§ What is expected
Output the line containing "With no product" and each line after it through the end of the data, exactly as written, with pictures left out.

§ Supplied information
·····

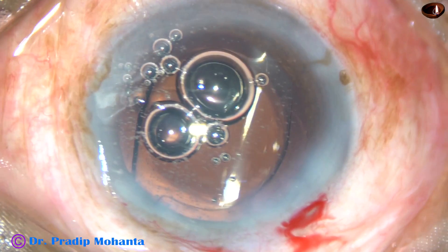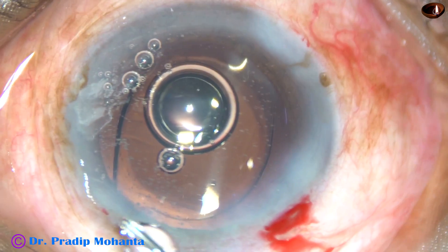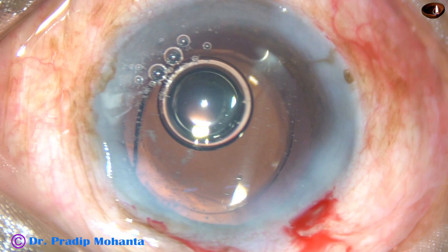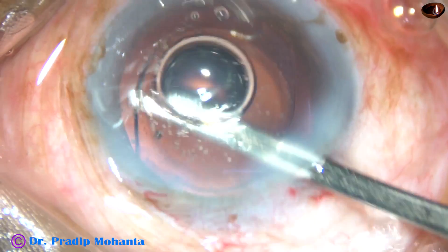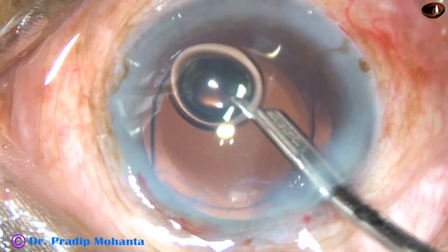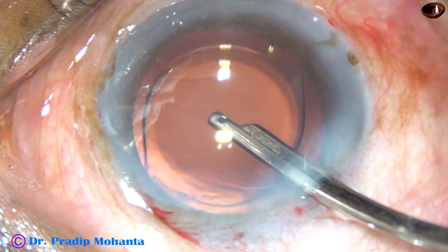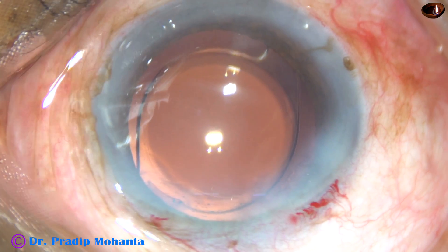This is a bit of moxifloxacin. While injecting moxifloxacin, a lot of air bubbles went in. The side ports are hydrated. And now this is the final lavage of the anterior chamber. BSS is first irrigated, and after a few seconds, aspiration is carried out. The anterior chamber is formed and the case is concluded.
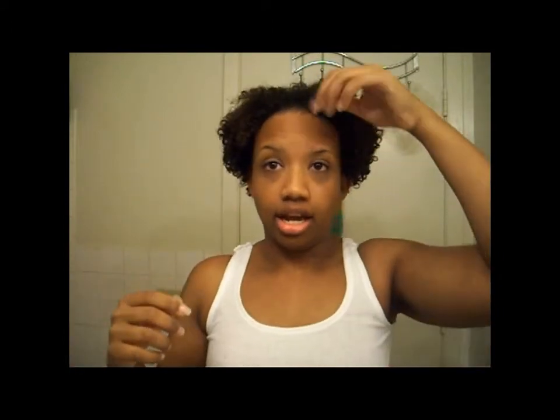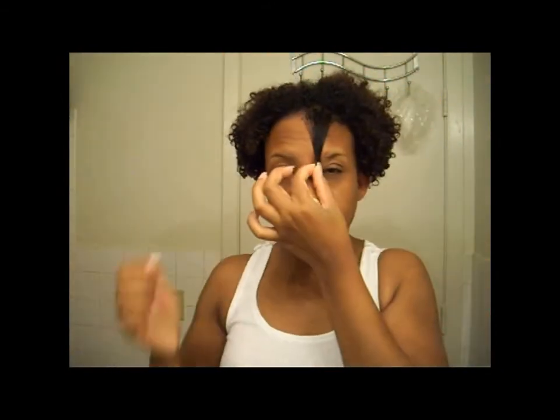With no product in it. I first want to mention that I cut most of my heat damage out in the front, so there's a really random short piece right here — I cut that out.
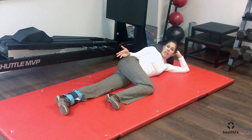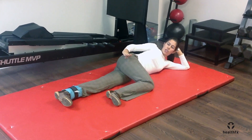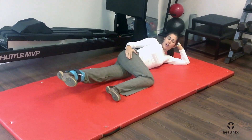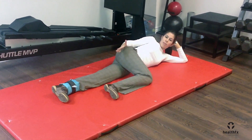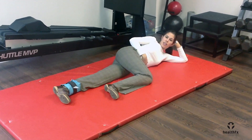What you're going to be doing is lifting that bottom leg up towards the ceiling. Make sure that your toes stay pointing straight in front of you, and just raise up as high as you can. Make sure to engage your core as you're doing this.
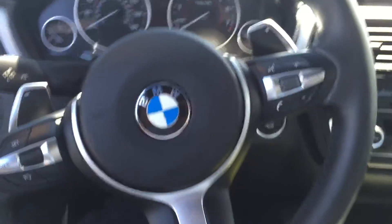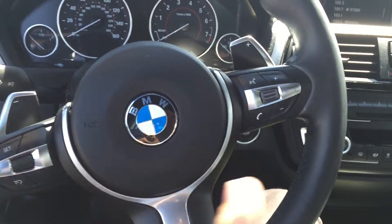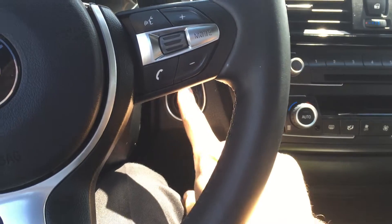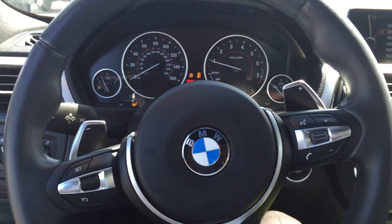Coming to the cockpit here: it's your paddle shift, your cruise control on the left, and your Bluetooth phone controls on the right. It's push button — everything's push button, you don't actually need the key. Starts right up, sounds great.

·····

§ Solution to the problem
With no product in it. I first want to mention that I cut most of my heat damage out in the front, so there's a really random short piece right here — I cut that out.
What you're going to be doing is lifting that bottom leg up towards the ceiling. Make sure that your toes stay pointing straight in front of you, and just raise up as high as you can. Make sure to engage your core as you're doing this.
Coming to the cockpit here: it's your paddle shift, your cruise control on the left, and your Bluetooth phone controls on the right. It's push button — everything's push button, you don't actually need the key. Starts right up, sounds great.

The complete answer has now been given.